In this chapter Jack goes through the process of setting up LedgerSMB for his trade activities in computer parts, which includes deciding which parts he wants to resell. From there on he goes to contact a vendor to request a quotation, convert that to an order and receive goods into inventory and invoices into accounts payable.
To prepare LedgerSMB for his parts sales and purchases, Jack needs to configure Parts. The system records inventory for parts and assemblies. Jack won’t use them for his business. There’s more on assemblies in @@@.
Once set up, Jack is ready to execute the ordering process. Even though the process is described here from a purchasing perspective sales work the same way with the roles reversed (Jack will act as a vendor in the sales process).
To start his purchase, Jack creates a RFQ document which he sends one or multiple vendors to let them know he’s interested in their products.
The vendor responds to Jack’s request by issuing a Quotation.
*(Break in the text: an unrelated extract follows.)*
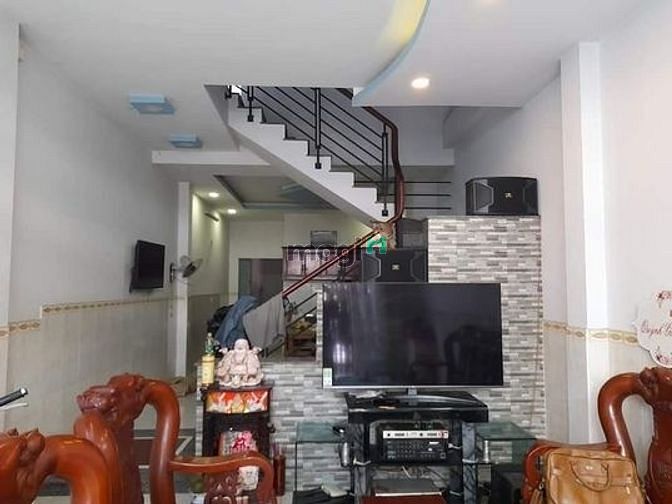 Hình ảnh Nhà đông sơn, 2 lầu , 60m2 ,F7, TB , 4.5 tỷ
From a legal perspective a quotation is a document which promises to deliver the requested goods or services at a certain rate - subject to conditions specifically mentioned. If Jack accepts the quotation and meets the conditions, the vendor is obligated to deliver.
In response to the quotation, Jack will place an order with the vendor to indicate acceptance quotation (or he can let the it expire). When he places the order, that legally means he agrees to the terms and conditions in the quotation. If the vendor delivers the goods or services as per the order, Jack has accepted the legal obligation to pay.
The vendor responds to the order by shipping the goods and services as well as sending an invoice. The invoice legally means the vendor considers to have a claim on the assets of Jack’s company. Jack creates a vendor invoice in his system to record the claim on his company by the vendor and the vendor creates a sales invoice in their system to do the same.
As a result of the above it’s considered bad practice to delete or change invoices once created. The accepted process to adjust invoices is to generate a debit invoice (for purchases) or a credit invoice (for sales) to “undo” the effects of the invoice and letting the other party know about it. Then a new invoice can be generated with the appropriate content. However, when the order process is correctly followed from order to invoice chances of sending the wrong invoice are greatly reduced.